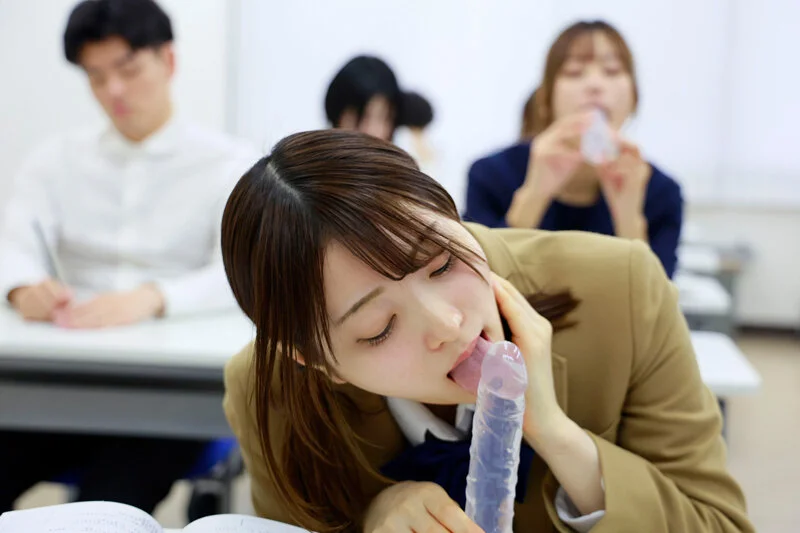 制服JKがディルドを舐めている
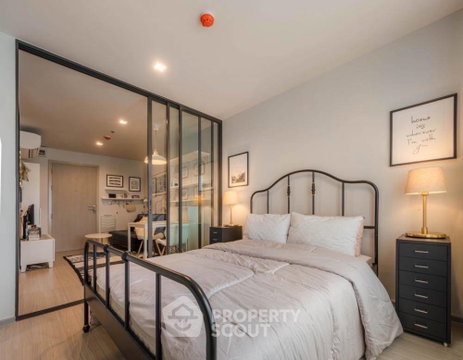 1-BR Condo at Life Ladprao near BTS Ha Yaek Lat Phrao (ID 3307310)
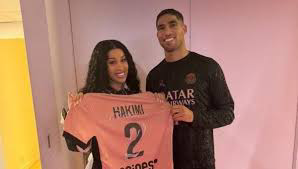  Achraf Hakimi Gâte Cardi B avec des Cadeaux Après un Match au PSG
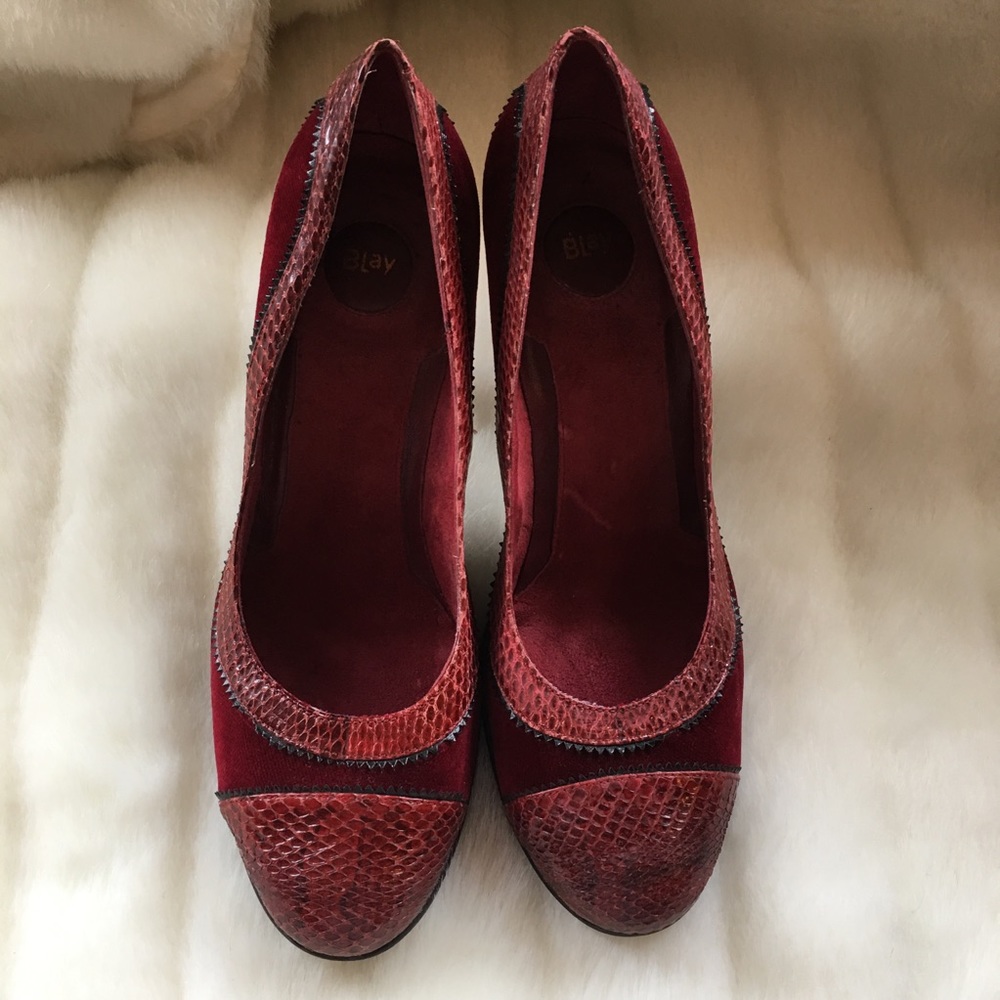 Anthro Blay Snake/Velvet Ruby Heels, 38/8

- [Aim of the exercise]: Everything from the line holding "1-BR Condo at" through the last line of the listing should be written out exactly, except for the pictures.

- [Your solution]:
 1-BR Condo at Life Ladprao near BTS Ha Yaek Lat Phrao (ID 3307310)
  Achraf Hakimi Gâte Cardi B avec des Cadeaux Après un Match au PSG
 Anthro Blay Snake/Velvet Ruby Heels, 38/8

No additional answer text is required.